Confidence in building out AI capabilities but this will require upskilling teams 

Despite the current shortage of IT talent in the German market (as revealed in a previous Keller West report), IT leaders, unexpectedly, did not see this as a barrier to building out their AI capabilities — 82% were confident of being able to find people with the skills needed to fully capitalise on the opportunities of AI. 

In terms of finding those skills, senior IT leaders gave similar weight to four options: 57% of respondents expect to make a senior hire to work with a team and grow its capabilities and competence; 56% plan on developing the capabilities of junior staff; 55% anticipate making junior level hires and have them train on the job with 51% planning to develop mid-level staff for the responsibilities.  

Alex Gerritsen said:

“At a senior level, when it comes to finding and recruiting the kind of talent that can help a business to get ahead using AI, many businesses seem to be following a similar path. They start with a host of use cases across multiple departments – sales, customer service, software development, marketing, etc. At this point, the skill set required is fairly general which opens up a bigger pool of talent. Once the business starts to move beyond the theory though and starts honing in on the specific areas where AI can create competitive advantage, they start to need specialist skills, where the talent pool gets much tighter. At that point, it’s useful to turn to external recruitment consultants, who have a detailed understanding of the evolving landscape and a considered view of how specific skill sets match with what the organisation really needs.” 
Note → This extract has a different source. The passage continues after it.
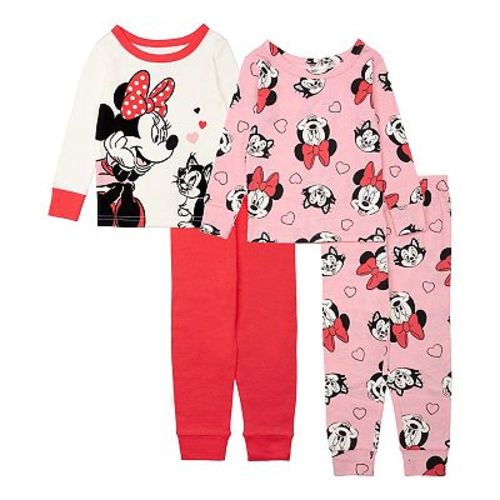 Disney's Minnie Mouse Toddler Girl 4-Piece Pajama Top & Pajama Bottoms Set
The in-demand technical and soft skills in an era of generative AI 

The Keller West study also gave some useful guidance on the technical skills that will be in demand in an era of generative AI: assessing AI solutions and guiding the organisation through selecting and deploying the highest rated, selected by 52% of respondents. This was followed by next generation software development (delivering and harnessing pioneering software to drive business success), cited by 39% and security, trust architectures and identity management, which was chosen by 34%. Extracting value from ever increasing amounts of corporate data was selected by 30%.  

The top three soft skills that IT senior leaders expected their businesses to need were creativity (selected by 55% of respondents), teamwork (45%) and problem-solving (43%).  

Alex Gerritsen said:

“AI skills are clearly in the spotlight at the moment, but this is going to be an area of competence that is valid across the full range of IT operations. Whether you’re in software development, security, cloud infrastructure or the Internet of Things, IT professionals are going to be using generative AI to automate tedious, routine tasks, to generate new ideas and concepts, and to get work done faster.” 

* = For the purpose of this research, senior IT staff are characterised as professionals earning a salary of more than €90,000 per annum.